I was just wondering if anyone had tried the Lubix Guhong edge mod on a Lingyun?

http://www.youtube.com/watch?v=f9t7RPDSdeM

Though the edges are a bit different the 4 raised ridges still exist on the Lingyun. Didn't want to create an expensive mistake if others had some experience of this


----------



## gundamslicer (Feb 11, 2011)

Im guessing the mOd would make the cube pop more because you have to tighten the guhong after


----------



## DavidWoner (Feb 11, 2011)

I asked pixel about it a few months ago and he basically said it wouldn't work because the lingyun edges are too different.


----------



## Selkie (Feb 11, 2011)

Ah thanks for the replies guys.

* puts craft knife back in its box *


----------



## nat4sail (Feb 19, 2011)

i just finished it, made it smoother, havnt noticed any new pops either ^__^


----------



## Selkie (Feb 19, 2011)

nat4sail said:


> i just finished it, made it smoother, havnt noticed any new pops either ^__^



I may be tempted to try this on my white Lingyun. I don't want to risk my black one!

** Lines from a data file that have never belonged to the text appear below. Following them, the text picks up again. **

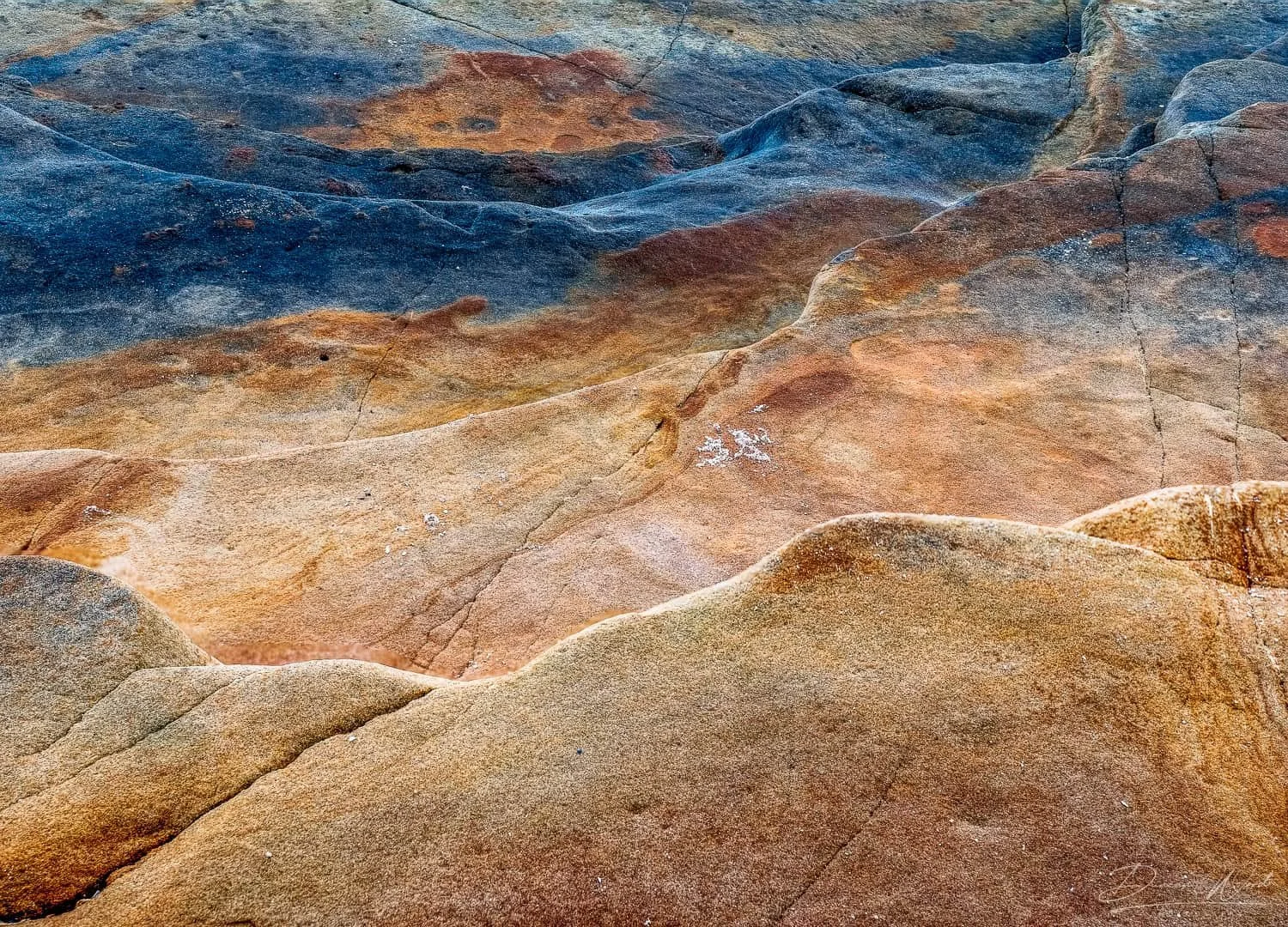 Intimate coastal rock detail with warm colour, texture and natural abstract patterns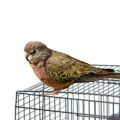 Bourke's Parakeet Parrot Cages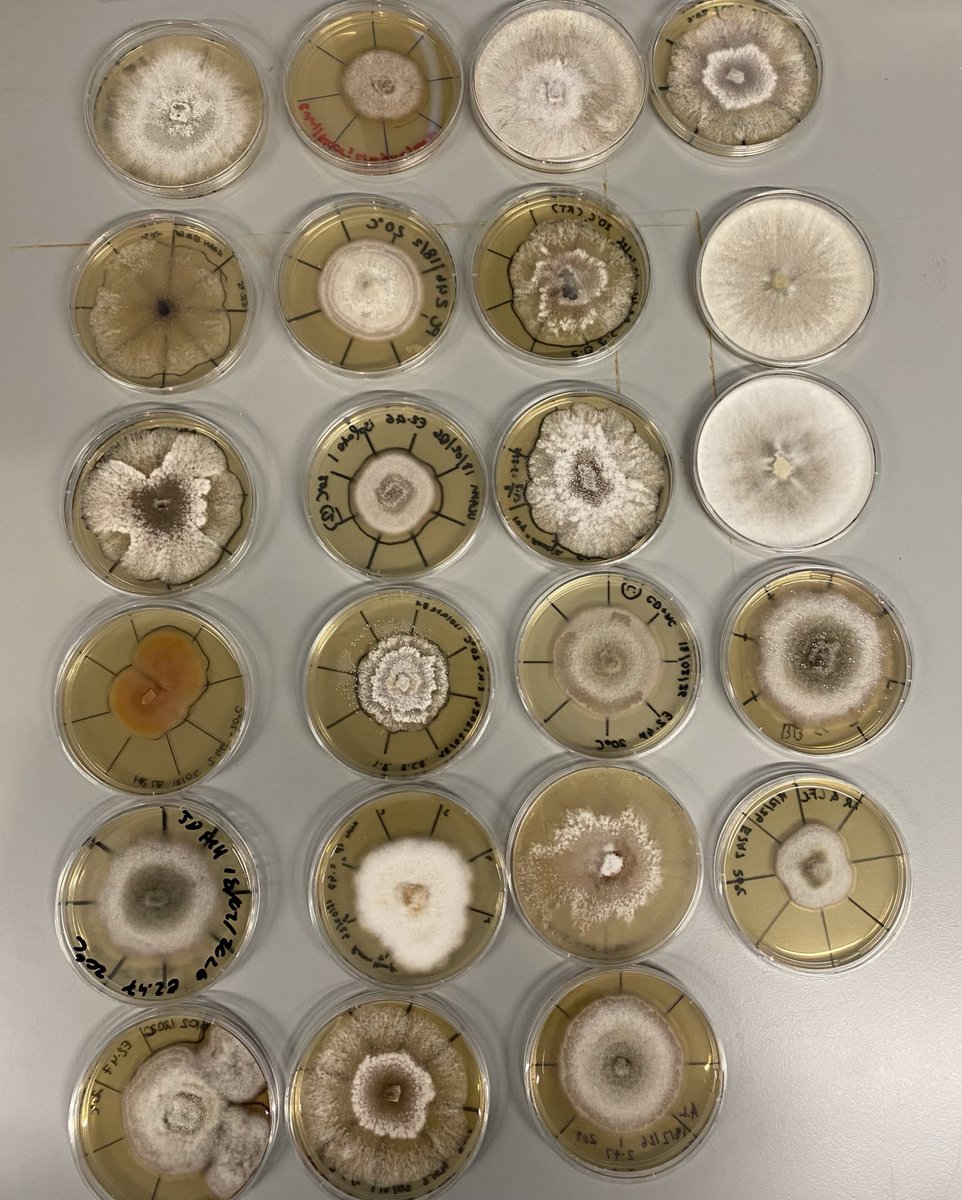 Olga Lastovetsky tweet media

Out of interest, are you using standard core and springs?


----------



## EnterPseudonym (Feb 19, 2011)

my lingyun mod


----------



## nat4sail (Feb 20, 2011)

Selkie said:


> I may be tempted to try this on my white Lingyun. I don't want to risk my black one!
> 
> Out of interest, are you using standard core and springs?


 
im using an AV core, C4U springs, and have already done a V Cube 5 mod and removed washers aswell as enterpseudonym's mod of the centers


----------



## EnterPseudonym (Feb 20, 2011)

nat4sail said:


> im using an AV core, C4U springs, and have already done a V Cube 5 mod and removed washers aswell as enterpseudonym's mod of the centers


 how do you like your results?


----------



## nat4sail (Feb 20, 2011)

i liked it, the 48 point edge mod helped make it alot smoother. removal of washers also helped remove pops, not sure how much the center thing helped, but i did it ^__^
the c4u spring tip was really good too


----------